Betty Kerr is one of The Top Selling Real Estate Experts
Find Out More >
Short Sales Facts and Questions
Q - What is a short sale?
A- A short sale in real estate occurs when the outstanding obligations (loans) and cost of selling are greater than what the property can be sold for. Short sales are a way for home owners to avoid foreclosure on their homes and still be able to pay off their loan by settling with their lender.
Q – Do I qualify for a short sale?
A- Lenders vary in their requirements. Your first step should always be to contact your lender. However, most lenders require the following: 1.Your payment is delinquent or is about to be. Most lenders will not work with home owners who are successfully making or can continue to make their loan payments. Each lender’s policy is different, so if in doubt, check with your lender. Some will permit a short sale with no delinquency. 2.You have a qualifying hardship. Examples that qualify are divorce, loss of a job, medical bills, excessive travel time to a job, etc. 3.You have no other major assets. Lenders who see home owners with large bank accounts or assets are less likely to cooperate on a short sale. Retirement funds are not typically considered as an asset unless sizeable.
Q – Do I have to be delinquent to do a short sale?
A- No. But as lenders vary in their requirements you should contact your lender and find out their policy. Unfortunately, most lenders are less willing to settle if the loan is current without a cash contribution or promissory note.

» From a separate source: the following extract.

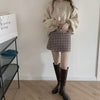 千鳥格子ミニスカート 4255-画像7-韓国ファッション通販POPREA［ポップリア］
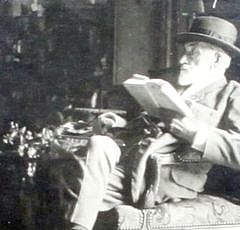 Photographie de Léon Bonnat en noir et blanc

Q – How long does it take to do a short sale?
A- There are several stages to the Short Sale process which can be lengthy. The typical sale takes 2-7 months from start to finish.
Here are the stages of a short sale:
1. The first stage requires the home owner to gather all the documentation that your bank will require. This stage shouldn’t take longer than a few days. Please review the section on short sale paperwork for the required documentation. Some banks require that their unique forms be used as well. Please contact me so I can may provide to you your bank’s forms. 760-250-9326 or email@example.com
2. Once you have all your paperwork completed, stage two is simply contacting us to schedule an appointment to see your home, complete the listing and place your home for sale.

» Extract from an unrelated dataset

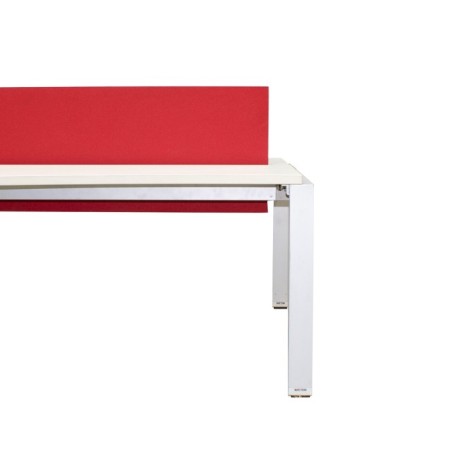 Mesa multipuestos de 4 puestos en blanco y gris de 328cm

3. The third stage involves aggressively marketing your home and producing a ready, willing, and able buyer. This stage can take as little as a few days or as long as a few months. I will closely track the activity of your sale and make the necessary pricing adjustments to attract a buyer.
4. The fourth stage is the actual presentation of the offer to your bank. This is where my expertise and experience in negotiating Short Sales takes place. The negotiation and approval process can take anywhere from 30 to 120 days. Numerous phone calls, emails, and faxes are required between the lenders and our team (on average 60-90). If we are dealing with a single lender rather than multiple lenders, it is easier (although not necessarily faster) to obtain the approval.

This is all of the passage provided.